Has nothing to do with lack of refiners' interest and lawsuits on a competitors line, Transcanda.
From AP:
TULSA, Okla. (AP) -- A proposed $1.8 billion oil pipeline from North Dakota to Oklahoma has been called off because the company behind the deal couldn't rally enough commitments to transport their oil to Cushing.
Tulsa-based Oneok Partners LP announced Tuesday that the Bakken Crude Express Pipeline won't be built.
Oneok says the outlook for crude oil supply is robust but it could not get enough producers to
promise long-term use of the 1,300-mile pipeline.
From Bloomburg:
Oneok Partners LP (OKS), which is controlled by Oneok Inc., wasn’t able to sign up enough oil producers to justify building the Bakken Crude Express pipeline, President Terry Spencer said in a statement yesterday. The 1,300-mile (2,100-kilometer) pipeline would have given Oneok a toehold in the lucrative oil transportation business in Montana and North Dakota. The company already is one of the region’s largest natural gas processors.

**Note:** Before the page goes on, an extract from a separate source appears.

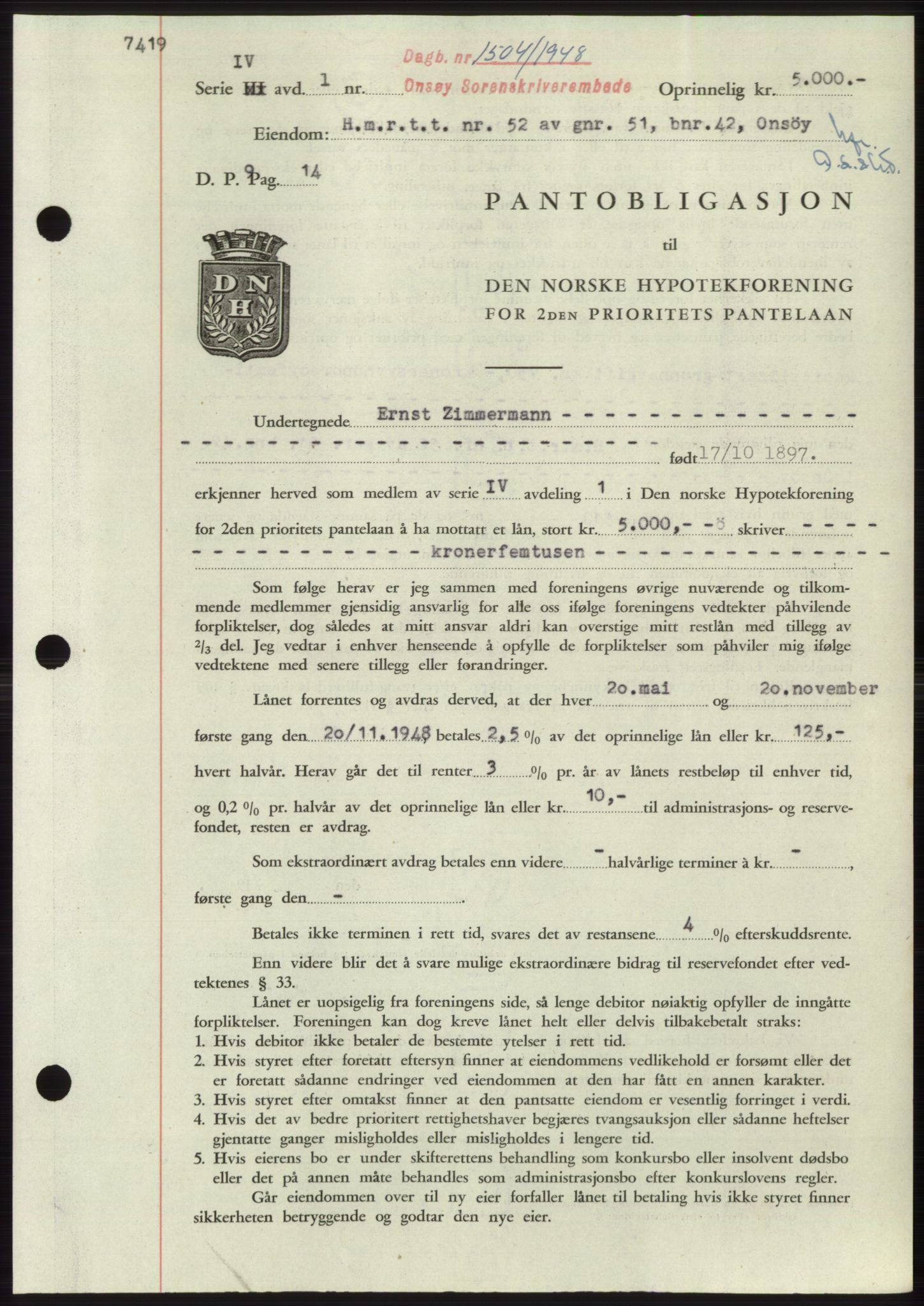 Onsøy sorenskriveri, SAO/A-10474/G/Ga/Gac/L0007: Pantebok nr. B 14-7, 1948-1948, Dagboknr: 1504/1948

An “abundance of rail,” which allows producers to ship oil to higher-priced markets on the East Coast, probably made the project unviable, according to a research note from Tudor Pickering Holt & Co.
End of article.
The reason is the oil producers don't want to lock themselves long term to send more oil to Cushing where it is already overflowing and at a huge discount. They are finding ways to transport via railroad to East Coast, West Coast and Gulf Coast.